Aim of the task — The answer is the line with "사진으로 보는 중국인민해방군 열병식의 60년 역사" and every line after it to the end of the listing, retyped exactly. Pictures do not belong in it.

Data provided —
______________________________
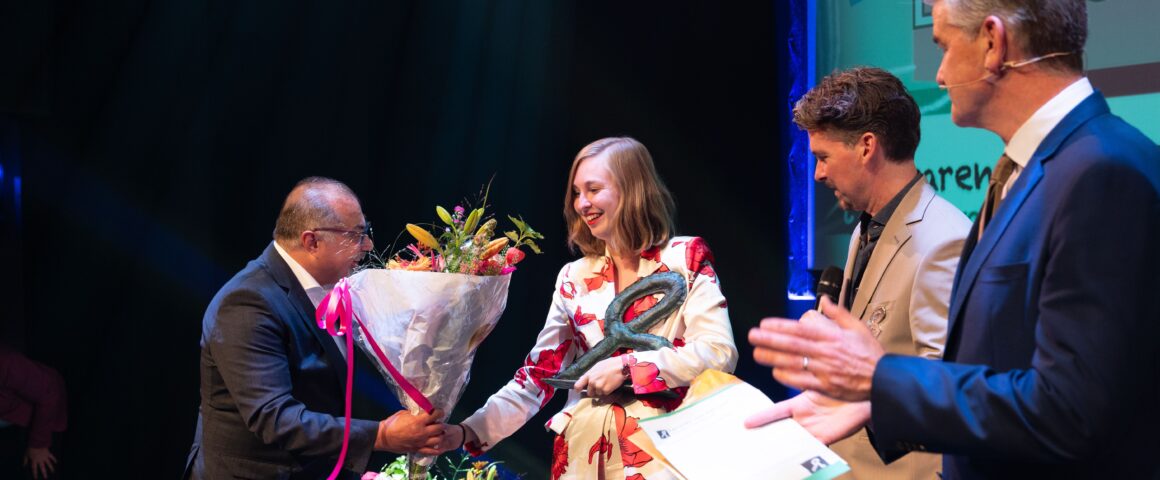 Ninah Tiemersma bij uitreiking LvhJ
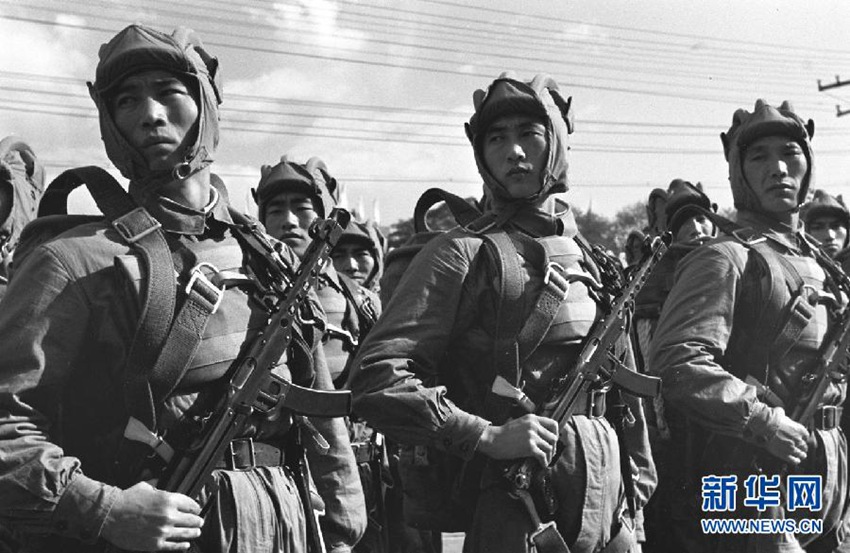사진으로 보는 중국인민해방군 열병식의 60년 역사
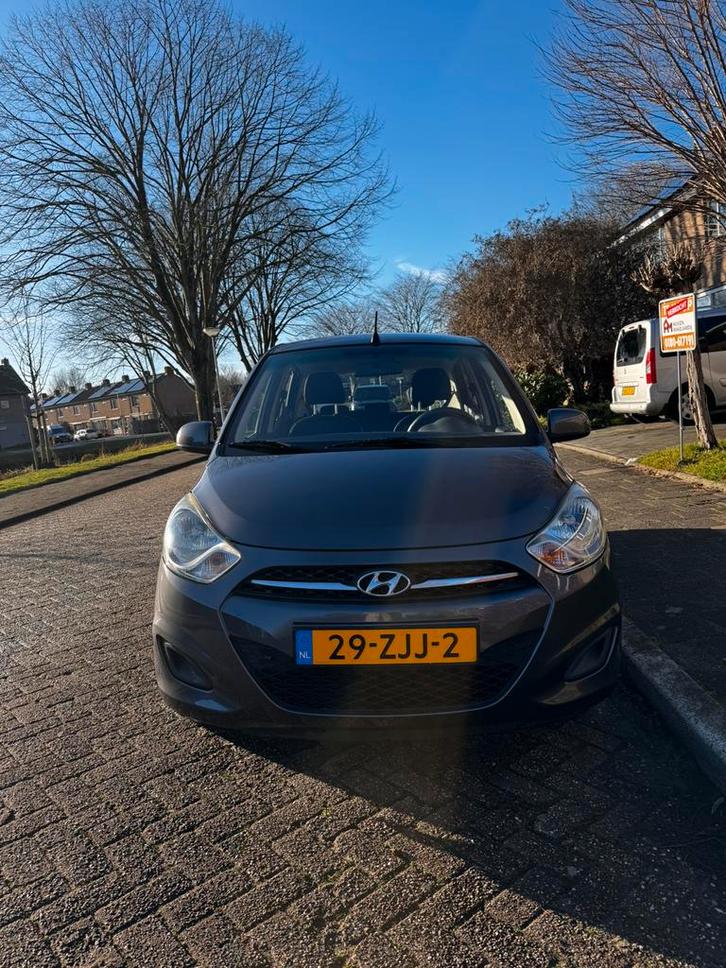 Hyundai i10 1.0 5DR 2012 Grijs, Auto's, Hyundai, Particulier, i10, Benzine, A, Hatchback, Handgeschakeld, Origineel Nederlands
______________________________
Task output —
사진으로 보는 중국인민해방군 열병식의 60년 역사
 Hyundai i10 1.0 5DR 2012 Grijs, Auto's, Hyundai, Particulier, i10, Benzine, A, Hatchback, Handgeschakeld, Origineel Nederlands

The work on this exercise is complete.